Without any other knowledge, I would suspect you had some bad yeast. Did it start after you added the new yeast?


----------



## bushpilot (May 14, 2017)

It was fermenting before pitching the new yeast. The new yeast added nucleation points, causing it to fizz.

Bubbles, or a lack thereof, are not a good indicator of fermentation.


----------



## whitepaint (4 mo ago)

Thorting said:


> Without any other knowledge, I would suspect you had some bad yeast. Did it start after you added the new yeast?


I started in a bucket, using EC-1118 yeast. I used warm water to work in the honey, waited several hours, until the water cooled down, then did my initial pitch (yeast nutrient added as well). Right now, the house is around 68ish (that time of year). After a few days of seeing no activity via the airlock, I re-pitched new yeast. This is not my image, but this is what it looked like, when I re-pitched. It flared up fairly instantly. Also, I used 12 pounds of honey for 5 gallons (pretty standard).


----------



## whitepaint (4 mo ago)

bushpilot said:


> It was fermenting before pitching the new yeast. The new yeast added nucleation points, causing it to fizz.
> 
> Bubbles, or a lack thereof, are not a good indicator of fermentation.


Ohhhhh, thanks for letting me know.

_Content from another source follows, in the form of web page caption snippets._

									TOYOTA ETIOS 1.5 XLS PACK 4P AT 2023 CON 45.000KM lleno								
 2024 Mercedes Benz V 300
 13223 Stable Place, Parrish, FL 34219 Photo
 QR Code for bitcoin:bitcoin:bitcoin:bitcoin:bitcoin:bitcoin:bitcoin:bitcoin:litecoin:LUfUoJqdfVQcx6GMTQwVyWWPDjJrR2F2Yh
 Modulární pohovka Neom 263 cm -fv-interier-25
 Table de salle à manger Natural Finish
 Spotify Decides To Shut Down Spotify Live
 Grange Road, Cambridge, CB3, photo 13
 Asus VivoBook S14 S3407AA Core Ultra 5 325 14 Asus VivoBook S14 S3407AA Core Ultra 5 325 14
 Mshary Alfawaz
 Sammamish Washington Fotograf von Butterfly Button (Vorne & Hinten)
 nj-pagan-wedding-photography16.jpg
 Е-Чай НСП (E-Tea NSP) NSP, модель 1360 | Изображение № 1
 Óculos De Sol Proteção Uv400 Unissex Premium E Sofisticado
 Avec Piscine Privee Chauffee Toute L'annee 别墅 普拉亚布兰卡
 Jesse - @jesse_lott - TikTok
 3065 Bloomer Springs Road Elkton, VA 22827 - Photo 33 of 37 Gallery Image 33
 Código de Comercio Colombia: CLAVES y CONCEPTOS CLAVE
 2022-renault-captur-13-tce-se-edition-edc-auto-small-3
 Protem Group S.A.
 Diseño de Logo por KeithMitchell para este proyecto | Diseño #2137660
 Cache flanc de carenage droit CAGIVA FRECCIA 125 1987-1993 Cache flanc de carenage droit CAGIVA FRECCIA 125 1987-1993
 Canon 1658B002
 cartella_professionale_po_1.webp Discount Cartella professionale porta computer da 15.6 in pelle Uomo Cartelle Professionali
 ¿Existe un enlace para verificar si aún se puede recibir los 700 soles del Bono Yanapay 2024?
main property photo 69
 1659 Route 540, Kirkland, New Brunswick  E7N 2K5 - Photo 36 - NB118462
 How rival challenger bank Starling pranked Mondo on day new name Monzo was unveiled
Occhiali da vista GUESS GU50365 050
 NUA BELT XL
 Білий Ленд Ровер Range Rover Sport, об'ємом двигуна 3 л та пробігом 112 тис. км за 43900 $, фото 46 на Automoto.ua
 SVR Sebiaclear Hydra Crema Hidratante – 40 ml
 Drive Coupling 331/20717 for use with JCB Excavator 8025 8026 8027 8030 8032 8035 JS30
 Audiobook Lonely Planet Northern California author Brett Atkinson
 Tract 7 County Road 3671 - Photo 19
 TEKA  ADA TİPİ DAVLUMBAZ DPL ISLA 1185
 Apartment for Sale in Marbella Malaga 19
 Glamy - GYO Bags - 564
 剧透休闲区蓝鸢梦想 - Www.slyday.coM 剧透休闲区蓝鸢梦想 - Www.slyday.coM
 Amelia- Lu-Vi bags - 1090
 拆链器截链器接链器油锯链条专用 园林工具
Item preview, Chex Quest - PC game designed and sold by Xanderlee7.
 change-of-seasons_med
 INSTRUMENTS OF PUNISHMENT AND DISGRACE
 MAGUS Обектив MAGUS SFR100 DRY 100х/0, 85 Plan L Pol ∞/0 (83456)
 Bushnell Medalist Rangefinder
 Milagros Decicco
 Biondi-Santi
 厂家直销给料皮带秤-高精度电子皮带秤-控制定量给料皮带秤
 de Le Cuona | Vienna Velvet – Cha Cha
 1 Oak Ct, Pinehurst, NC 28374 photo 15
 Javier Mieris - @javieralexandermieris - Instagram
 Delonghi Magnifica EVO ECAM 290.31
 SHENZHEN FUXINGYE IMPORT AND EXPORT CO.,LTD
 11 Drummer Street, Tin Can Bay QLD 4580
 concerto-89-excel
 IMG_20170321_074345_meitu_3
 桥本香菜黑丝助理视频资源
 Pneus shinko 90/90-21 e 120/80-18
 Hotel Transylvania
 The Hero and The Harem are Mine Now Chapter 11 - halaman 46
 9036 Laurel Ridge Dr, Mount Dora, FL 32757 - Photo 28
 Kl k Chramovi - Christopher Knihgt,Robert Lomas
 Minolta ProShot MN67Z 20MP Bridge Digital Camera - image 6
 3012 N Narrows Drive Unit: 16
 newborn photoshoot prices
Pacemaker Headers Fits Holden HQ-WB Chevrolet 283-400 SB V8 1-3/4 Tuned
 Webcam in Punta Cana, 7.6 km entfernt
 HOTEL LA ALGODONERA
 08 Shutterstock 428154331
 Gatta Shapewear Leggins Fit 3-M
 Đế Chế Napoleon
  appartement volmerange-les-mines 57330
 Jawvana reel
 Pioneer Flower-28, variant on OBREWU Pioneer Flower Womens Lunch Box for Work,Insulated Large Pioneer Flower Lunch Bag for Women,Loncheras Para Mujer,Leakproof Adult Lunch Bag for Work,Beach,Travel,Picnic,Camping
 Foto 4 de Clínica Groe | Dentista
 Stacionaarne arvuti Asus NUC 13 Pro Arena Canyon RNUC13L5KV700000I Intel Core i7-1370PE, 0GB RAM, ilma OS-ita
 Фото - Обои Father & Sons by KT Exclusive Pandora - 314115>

I was not getting anything through the airlock, at least when I stared at it. I wonder if some of the CO2 is escaping via another point. maybe time to get a new brew bucket.


----------



## bushpilot (May 14, 2017)

Brew buckets leak gasses,but that is not a concern during primary fermentation. Use a hydrometer to determine when fermentation is finished.


----------